Испачканная мелом спина замирает, ее обладатель обращает ко мне бледное лицо, угли черных глаз прожигают насквозь.
– Чего тебе? – хрипло спрашивает он и ухмыляется. Сердце уходит в пятки, я хватаюсь за перила.
– Цветок… тот цветок… зацвел! – Урод с недоумением смотрит на меня, и я понимаю, насколько глупо, должно быть, выгляжу.
– Ты больная? – интересуется он, и я пячусь назад. – Тебе срочно захотелось сообщить мне, что где-то зацвел какой-то цветок?
– Ты опрокинул его. Он был совсем сухой. А потом зацвел… – мямлю я. Урод раздражен так, что, кажется, может ударить.
Заметив мой испуг, он на миг закрывает глаза и устало вздыхает.
– Да, зацвел… Потому что на следующей перемене я его полил. Милосердие, детка… Хотя тут оно не в чести.
Он отступает на шаг, собирается уйти, и это повергает меня в ужас.
Он пошел на контакт… Нужно попробовать договориться, заручиться его молчанием.
В панике хватаю его за рукав и тут же отдергиваю руку.
– Слушай, то видео с пустыря… не мог бы ты его удалить? – Я игриво поднимаю бровь, но она дергается. – Пожалуйста…
– Ну уж нет! Это видео – гарантия, что ты со своим фан-клубом оставишь меня в покое! Мой билет в сказку, – грубо перебивает Урод и усмехается.
– А как насчет моих гарантий? – спрашиваю тихо. – Честно, зачем ты пришел в эту школу?
– Учиться. Это все. От тебя мне ничего не нужно, – быстро отвечает он.
От внезапной слабости подкашиваются колени – голодный обморок настигает меня в самый неподходящий момент. Я гляжу в темные глаза, и сознание размывается. Вероятно, нужно добавить в рацион больше калорийных продуктов… Стены шатаются и уплывают, а чудовищная дурнота подкатывает к голове. Я теряю равновесие, и последнее, что фиксирует зрение, – потрясающе реалистичный рисунок белых костей, проступивший поверх кожи на пальцах, крепко сжавших мою бледную руку.
* * *
В раздевалке напяливаю плащ и в прострации надолго зависаю у зеркала.

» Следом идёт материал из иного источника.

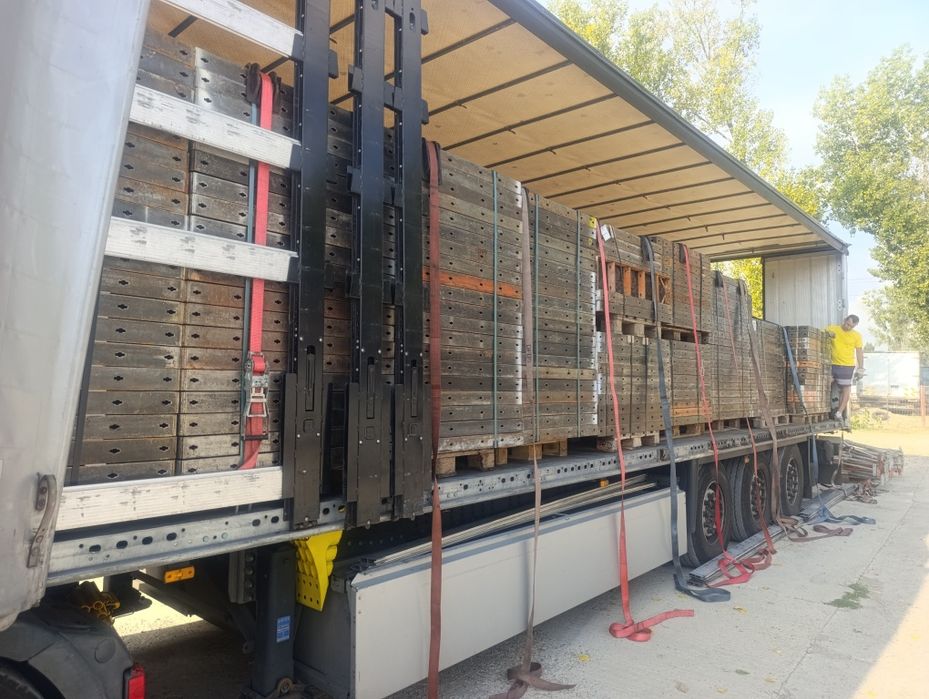 Cofraje PASCHAL Modular 500 m² – Recondiționate în Fabrica Paschal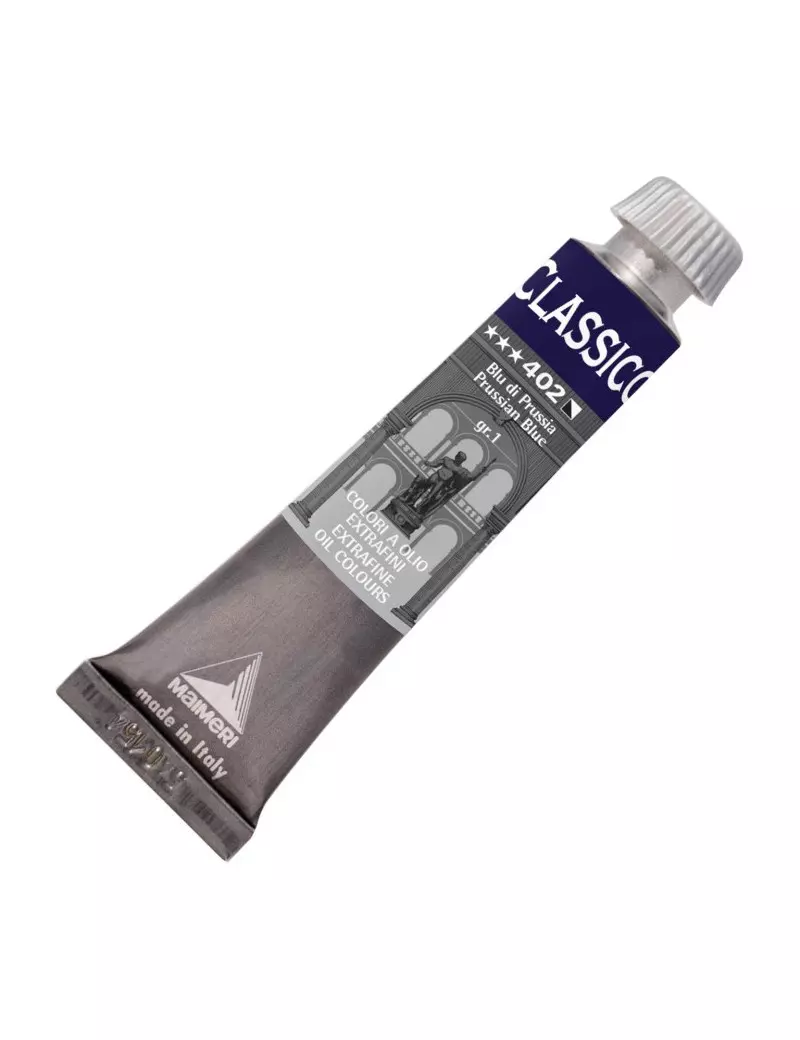 Colore a Olio Extrafine Maimeri - 20 ml - M0302402 (Blu di Prussia Conf. 3) Colore a Olio Extrafine Maimeri - 20 ml - M0302402 (Blu di Prussia Conf. 3)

Я пришла в себя там же, на ступенях – забытье длилось недолго.
– Все в норме? – Черные глаза встревоженно и странно разглядывают мои, а я замечаю, что они и не черные вовсе. Они намного светлее…
– Да, – киваю я. Все действительно было хорошо.
– Ну и ладненько. – Урод поднимается на ноги, прячет руки в карманы, сбегает вниз по лестнице и, пнув носком ботинка ржавую железную дверь, растворяется в пелене мелкого сентябрьского дождя.
Чуть поодаль кучкуются ребята. Саша, мечтательно возведя к потолку ясные глаза, слушает грязные рассказы одноклассников: причмокивая, они спорят о разнице темпераментов блондинок и брюнеток. Всматриваюсь в зеркало – я брюнетка, волосы резко потемнели летом после восьмого класса, и бабушка сразу купила краску пшеничного оттенка.
– Ты уже взрослая, можешь изменить имидж! – пошутила она. – Сонечка ведь тоже была блондинкой.
Тогда я впервые осветлила волосы – пошла на это потому, что и так постоянно разочаровываю бабушку. Я темненькая, мой рост намного выше среднего, и худенькой меня не назовешь. Я ни капли не похожа на ту Соню. А ей так нужен кто-то, достойный ее преданной любви!
Но я хочу быть брюнеткой…
Мне стыдно: в последнее время я, задыхаясь в изоляции от одиночества, вдруг пересмотрела все свои приоритеты.
Урод тоже брюнет, хотя бреет голову почти под ноль.
У него красивые глаза. И теплая рука. Мне понравилось чувствовать ее на своей коже.
– Соня, прости! Кажется, мне нравится сын твоего убийцы… – в ужасе шепчу я в зеркало и вижу в нем только себя.
За окном качаются кроны пожелтевших берез, порывы ветра, сотрясая деревянные рамы, ломятся в комнату. Ставший привычным дождь сменило осеннее солнце – яркие лучи назойливо светят в глаза. Сладко потягиваюсь и, задержав дыхание, прислушиваюсь – на кухне тихо работает радио и льется вода. Бабушка дома.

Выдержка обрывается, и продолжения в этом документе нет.